The Congregational Library recently announced that it had added the church records of two more Massachusetts towns—Brockton and Stoneham—to its “Hidden Histories” digital collection.

The description of the Stoneham materials says:
The town of Stoneham, previously known as Charlestown End, was incorporated in 1725. A vote in 1726 provided for the building of a 1,440-square-foot meetinghouse. First Church itself was not founded until July 1729. Their first pastor was Rev. James Osgood who was called in October 1728, and ordained and installed in September 1729. Osgood served until his death in 1746 and was replaced by Rev. John Carnes, who was dismissed from his position in 1757.

John Searl succeeded John Carnes in 1758/59, followed by the ordination of John Cleaveland in 1785. Cleaveland’s ministry began amicably and he continued in the town and church's favor until the death of his wife in 1793. After his wife’s death, Cleaveland married Elizabeth Evans, his housekeeper, which created tensions in the town. While the church chose to support Cleaveland, the town did not, and both Cleaveland and the church building itself were targets of the town’s ire. An ecclesiastical council called late September 1794 dissolved Cleaveland’s relationship with the town and church.
Despite distractions, my eye was caught by the name of the Rev. John Carnes. A few years back, I named him as Gen. George Washington’s first paid spy. However, that was nearly twenty years after Carnes’s contentious tenure at Stoneham.

Alas, the early volume of church records digitized in this collection—the one document that covers Carnes’s period as minister—doesn’t appear to mention his conflict with the congregation at all. Nor the decision to build a parsonage for him, shown above.

William B. Stevens’s 1891 town history quotes a letter from Carnes to the meeting on 17 May 1750:
I have year after year desired you to consider me with regard to my Salary, but notwithstanding this, and notwithstanding I have sunk by ye fall several Hundred Pounds, I have never had since my ordination but a poor pitiful consideration of £50 Old Ternor.

Whatever you think of it, gentlemen, you have been guilty of great Injustice & oppression and have withheld from your minister more than is meet, not considering what you read, Prov. 11, 24, 25, which Verses run thus. There is that scattereth and yet Increaseth, and there is yt witholdeth more than is meet but it tendeth to poverty. The liberal soul shall be made fat; and he yt watereth shall be watered also himself.

You have never made good your contract with your minister, and was it not for some of his good Friends in this Town and other Places, he must have suffered.

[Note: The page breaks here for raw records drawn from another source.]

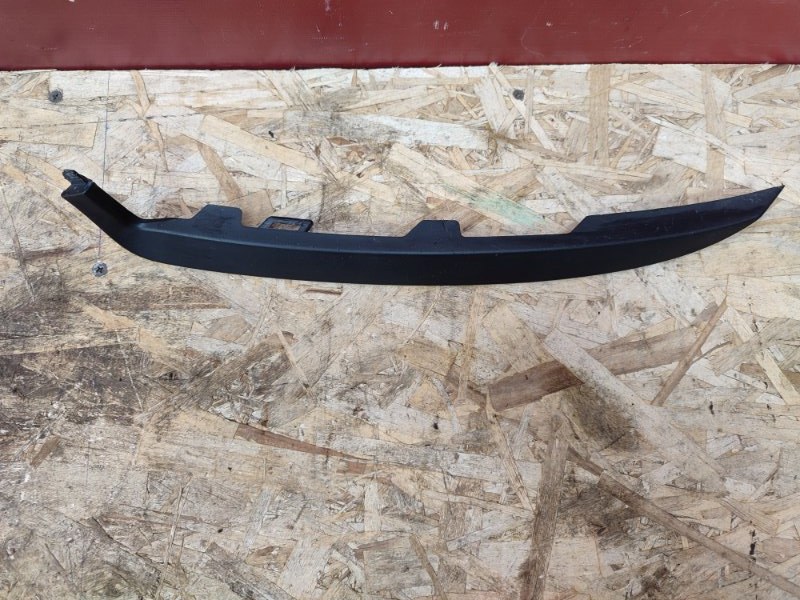 Планка под фару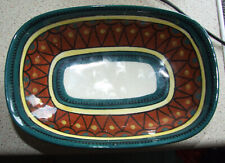 Quimper oval bowl for sale  SHEFFIELD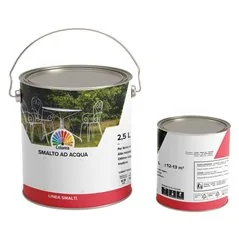 SMALTO ALL'ACQUA 'COLOREA'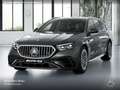 Mercedes-Benz E 53 AMG T 4M Hybrid Fahrass 360° Distr. AHK PTS Grau - thumbnail 2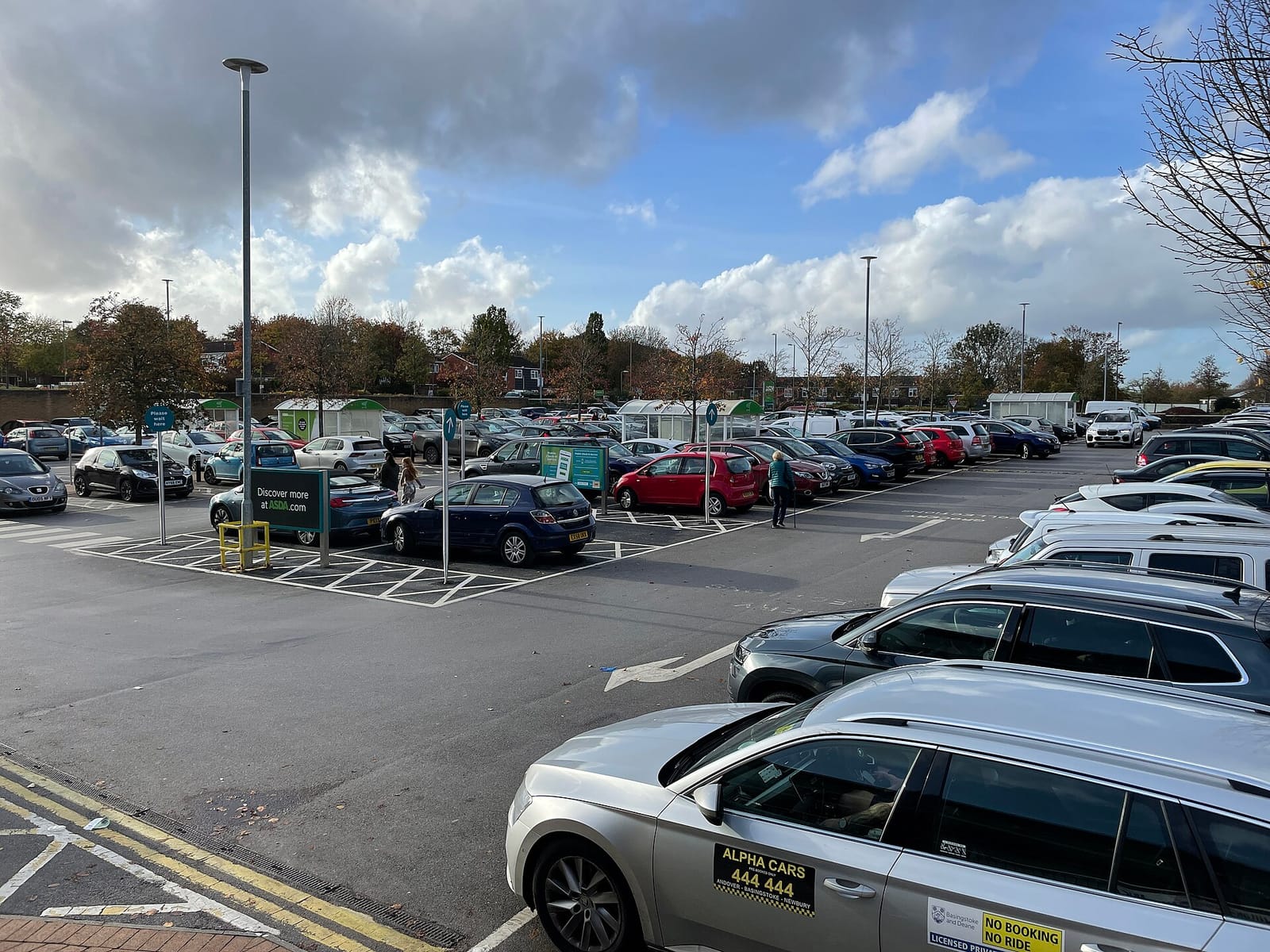 Asda Café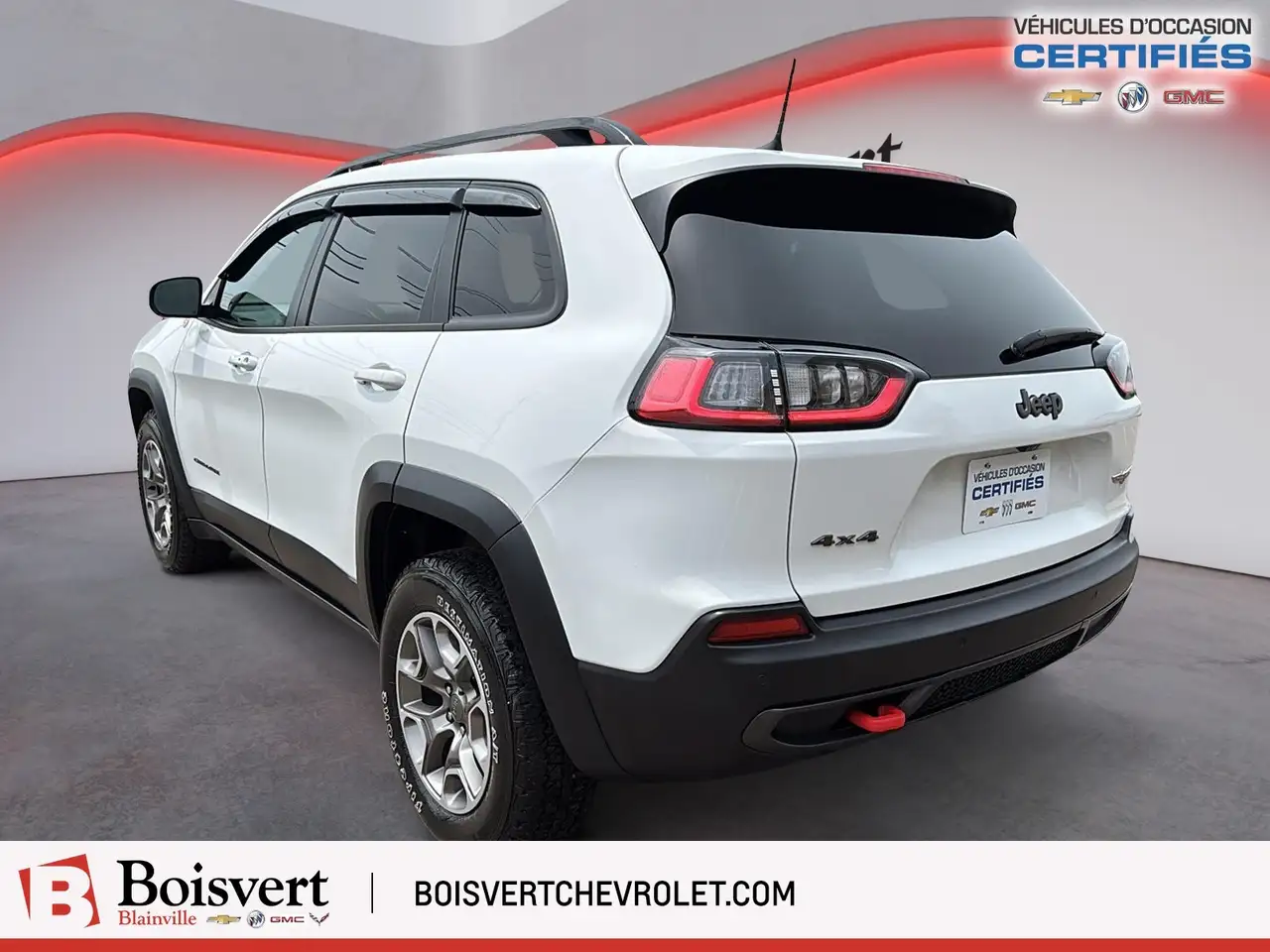 Jeep Cherokee photo Jeep Cherokee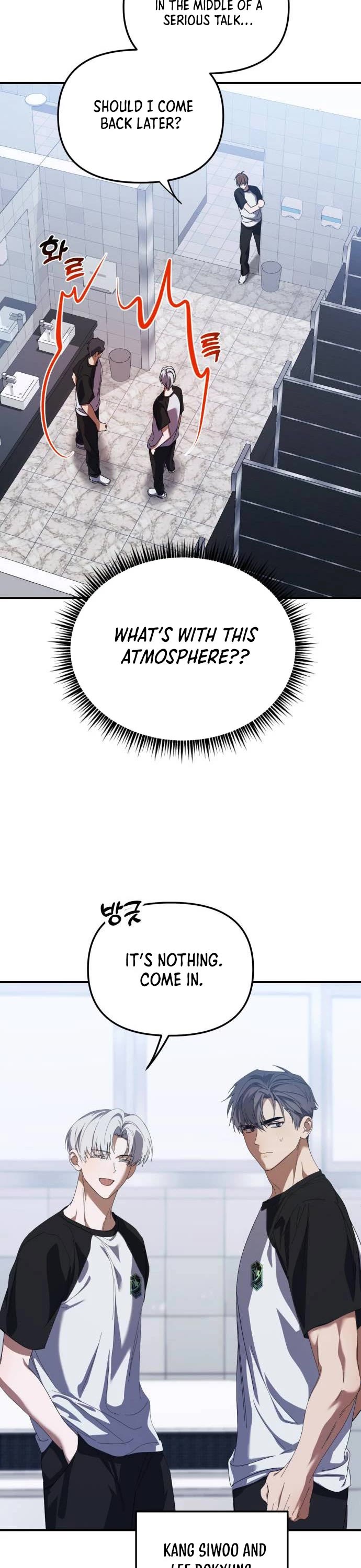 I Became the Youngest Member of Top Idol Chapter 21 page 23 - Chapter 21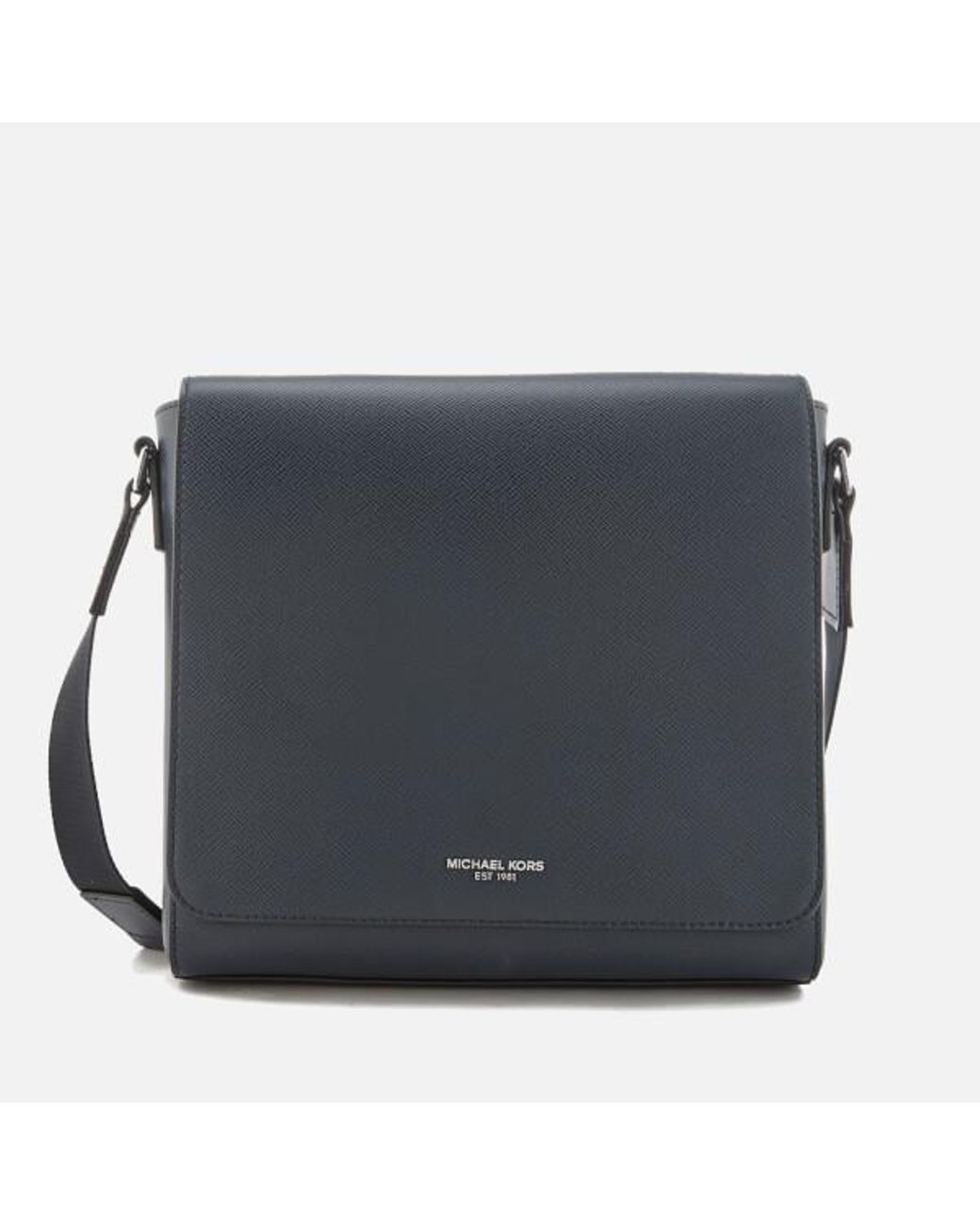 Michael Kors Men's Messenger Bag in Blue for Men Lyst Canada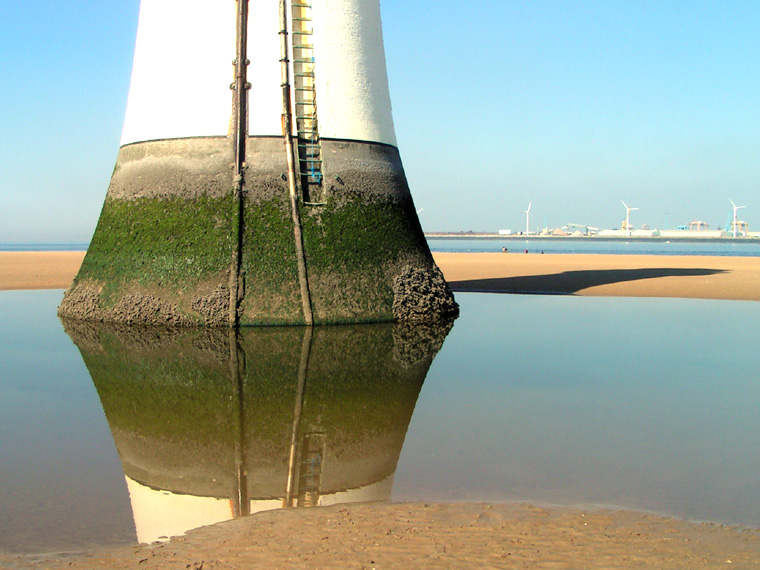 Perch Rock Lighthouse, New Brighton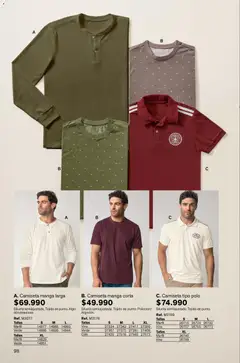  Vista previa del prospecto Catálogo Leonisa del almacen Leonisa válida del 23/10/2025 al | Página : 104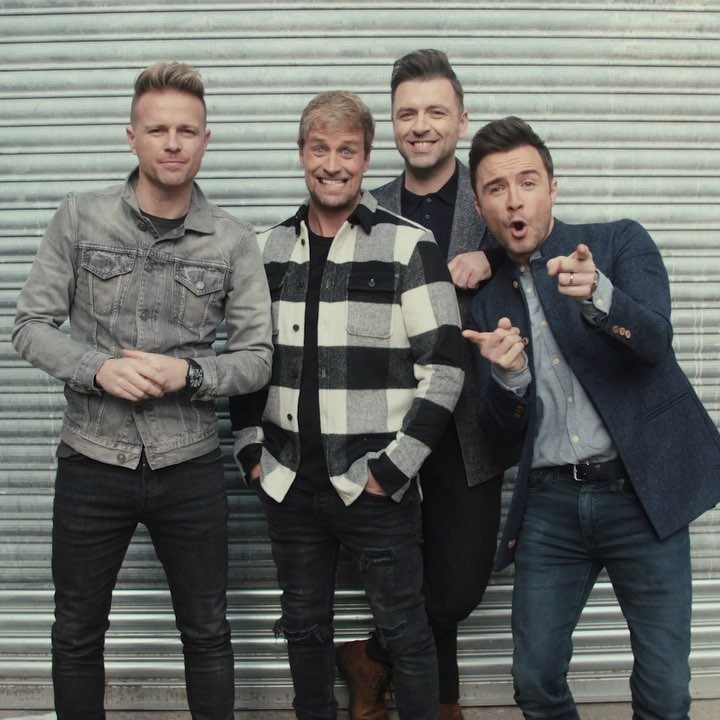 11 Transformasi Westlife, dari remaja hingga bapak-bapak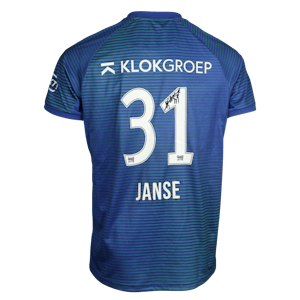 Camisa de Rijk Janse NEC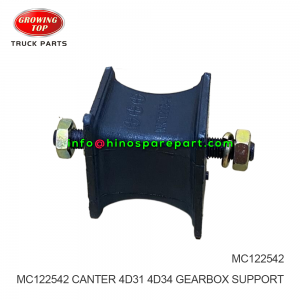 MITSUBISHI CANTER 4D31 4D34 GEARBOX SUPPORT,MC122542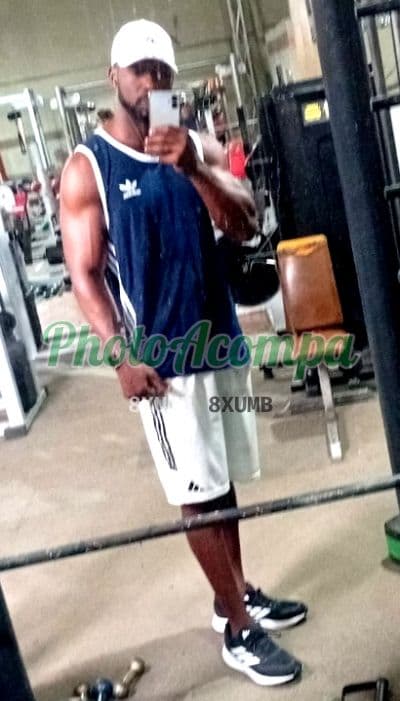 Breno Leonardo — acompanhante masculino em Duque de Caxias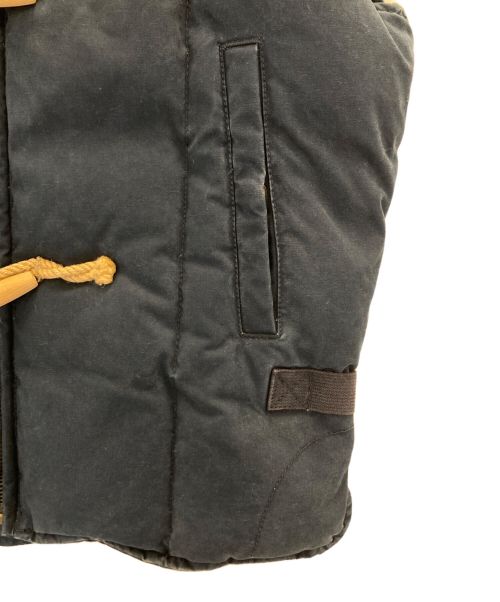 Rugby Ralph Lauren（ラグビーラルフローレン）Rugby Ralph Lauren (ラグビーラルフローレン) ダウンベスト ネイビー サイズ:XSの古着・服飾アイテム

Time has been when I have had no corn nor meal in my House & when I have wanted many other necessaries and havent had one Forty shillings in ye World, nor yet Thirty shillings, and when I have been obliged to live by borrowing; and this is ye case now.

But I shall say no more about my circumstances and your Injustice and oppression. What I desire of you now is that you would at this meeting act like honest men and make good your contract that you would make such an addition to my Salary for the present year as that I may be able to subsist. I desire nothing that is unreasonable, make good what you first voted me and I shall be easy. I remain your friend and servant, John Carnes.

P. S. Gentlemen—Please to send me word before your meeting is over what you have done, yt I may send you a Line or two in order to let you know I am easy with what you done or not; for if I cant get a Support by the ministry I must pursue something else; must betake myself to some other business and will immediately do it.
Carnes lasted seven more years at Stoneham before asking to be dismissed. He published a newspaper essay about the conflict, prompting a town meeting vote to respond. Despite that friction, Carnes secured another pulpit at Rehoboth—but that lasted even less time. Finally he opened a shop in Boston, his last career before becoming a spy.